START STUDY MATERIAL
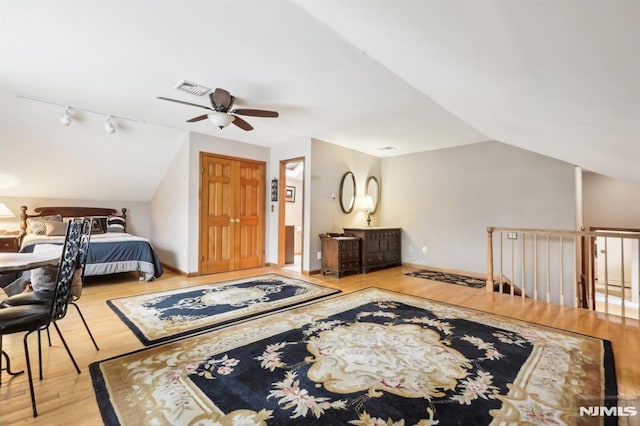 bedroom with lofted ceiling, ceiling fan, and light hardwood / wood-style floors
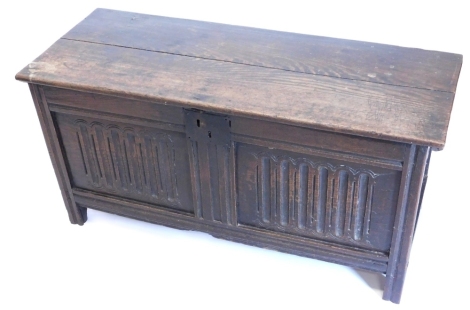 A late 18th/early 19thC oak coffer, with a two planked top above a panel front with fluted carving, on stiles, 57cm high, 115cm wide.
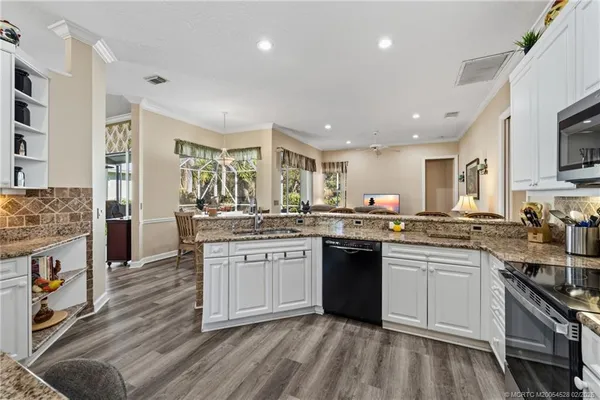 a kitchen with stainless steel appliances granite countertop a stove top oven a sink dishwasher and a refrigerator with wooden floor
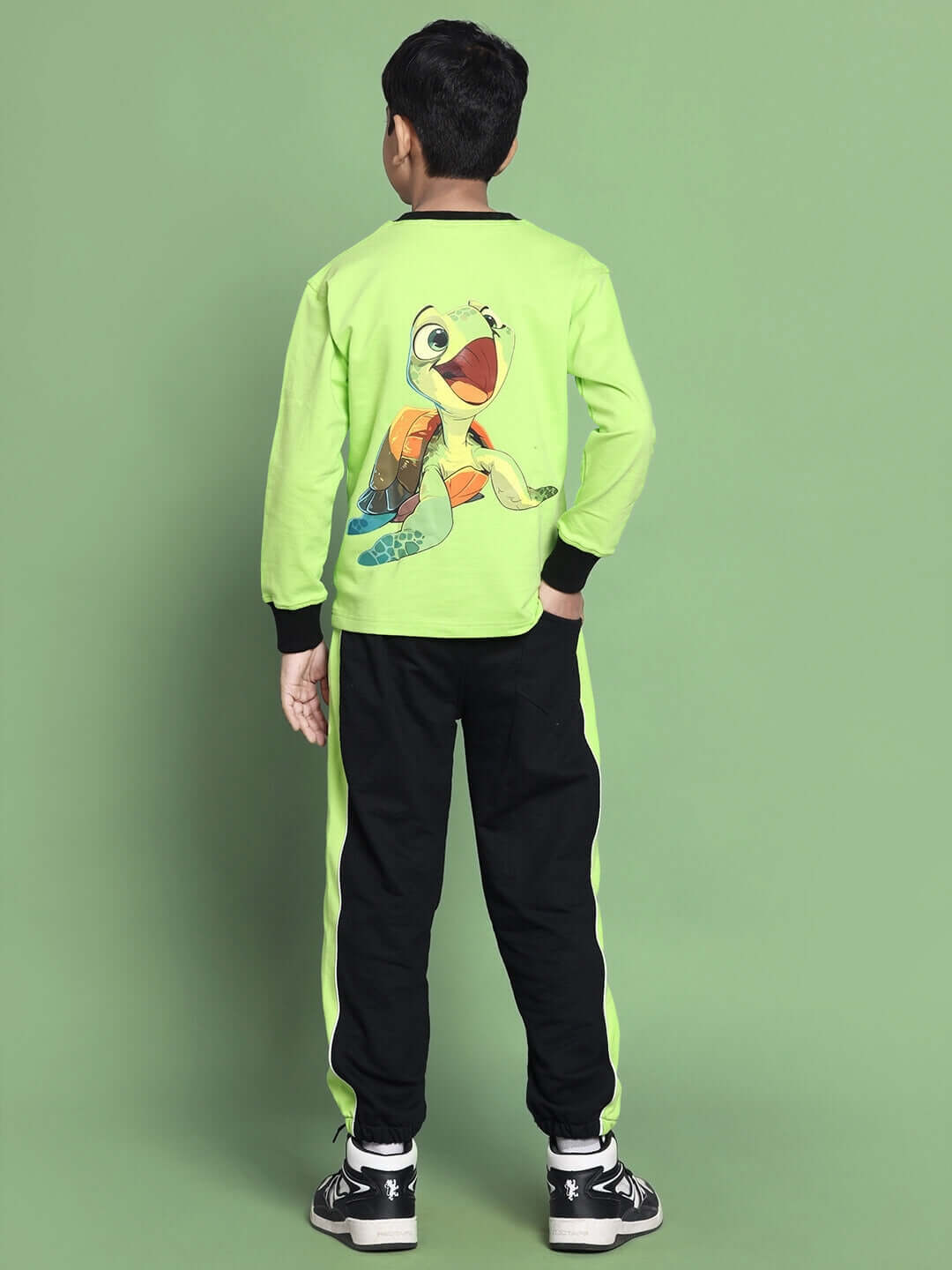 Boy wearing TILLY OVERSIZED CO-ORD SET FOR BOYS GIRLS NEON GREEN with cartoon print, black pants, and sneakers on green background.
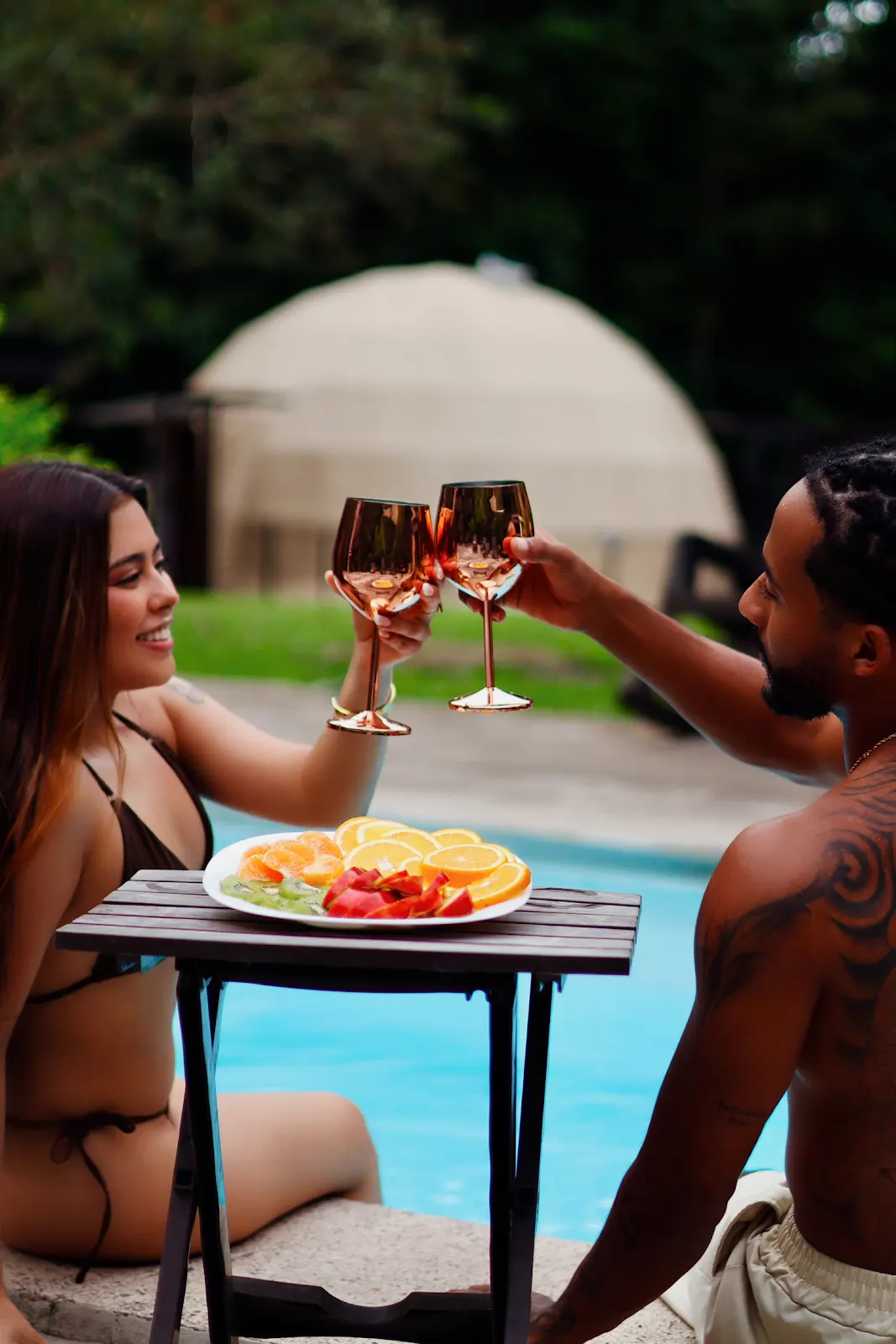 Pareja brindando junto a la piscina y los domos de Serenity
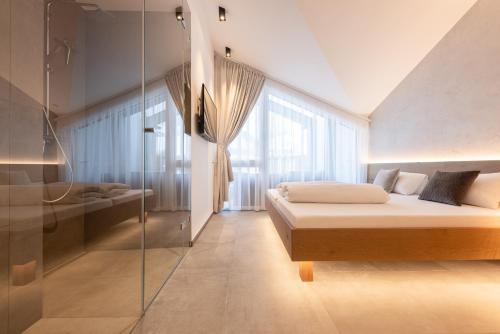 Posteľ alebo postele v izbe v ubytovaní Max Mountain Apartments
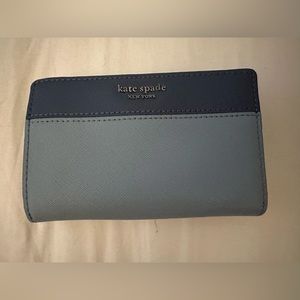 Blue Kate Spade Wallet.  Never used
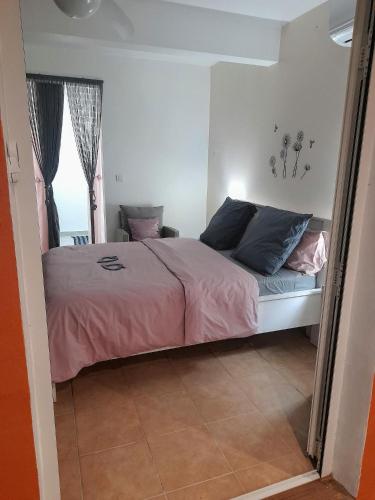 a bedroom with a bed with pink sheets and a window at Les Bromélias chez Djo et Rosy in Sainte-Marie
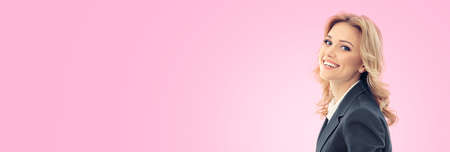 Portrait of happy smiling young businesswoman in grey confident suit, isolated over pink color background. Business studio concept. Copy space blank area for text.の写真素材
END STUDY MATERIAL
- **WHAT YOU SHOULD DO**
Take the lines from the start of the entries through the line containing "a kitchen with" and set them down exactly, leaving out every picture.

- **TASK RESPONSE**
 bedroom with lofted ceiling, ceiling fan, and light hardwood / wood-style floors
 A late 18th/early 19thC oak coffer, with a two planked top above a panel front with fluted carving, on stiles, 57cm high, 115cm wide.
 a kitchen with stainless steel appliances granite countertop a stove top oven a sink dishwasher and a refrigerator with wooden floor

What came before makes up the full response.